The Cube's building process cuts carbon emissions by up to 50 percent.

Researchers from the Technical University of Dresden alongside experts from German architecture firm Henn are developing the world's first carbon concrete building, a report from Dezeen explains. The team behind the project will use a novel method to reinforce the building's concrete with carbon fibers rather than steel rods, as part of a German Federal Ministry of Education and Research-funded research project aimed at developing construction innovations called "C³ - Carbon Concrete Composite".



Reducing construction CO2 emissions by up to 50%

The building, dubbed The Cube, is currently under construction at the TU Dresden University campus. Henn says that its carbon concrete material is four times stronger than traditional concrete at the same time as being four times lighter, due to the reduced requirement for extra structural sections.

The newly developed carbon concrete allows for the same structural strength while using far less concrete. "With this new building material, the light yet robust carbon fibers allow for flexible and resource-saving construction. The conversion to this innovative material can reduce CO2 emissions from construction up to 50%," Henn explains on its website.

A 'radical rethinking' of architecture

Specifically, the concrete used for The Cube will be strengthened with carbon fiber yarn, which is made by extracting almost pure carbon crystals via a process of thermal decomposition known as pyrolysis.

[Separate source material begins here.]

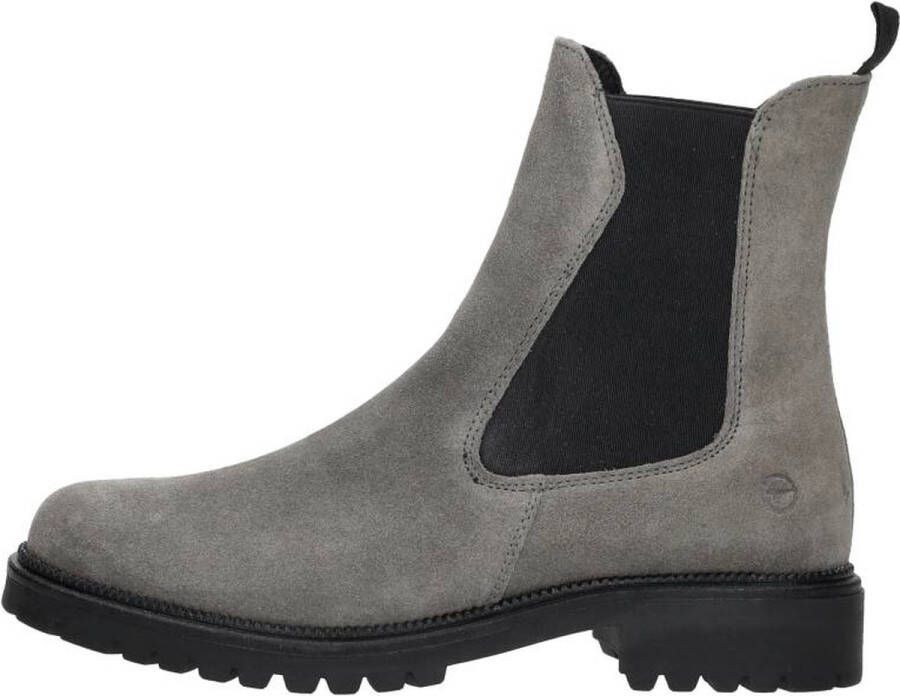 Tamaris Comfortabele Zwarte Chelsea Boot met Uitneembaar Voetbed Black Dames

The yarn is then woven into a mesh that the concrete is poured onto before setting. As the carbon fiber doesn't rust, the carbon concrete is also more durable over a longer period than steel rod-strengthened concrete. As structures can be much thinner due to the lack of steel rods — which often require more thickness to prevent water penetration — Henn says that this will enable "a future architecture where environmentally conscious design is paired with formal freedom and radical rethinking of the most basic architectural elements."

As such, The Cube will feature a roof that folds to become a wall as well, allowing wall and roof to "functionally merge into one another as an organic continuum," Henn says. Such projects are opening up not only a new form of architectural design but also a method for construction that causes much less damage to the environment.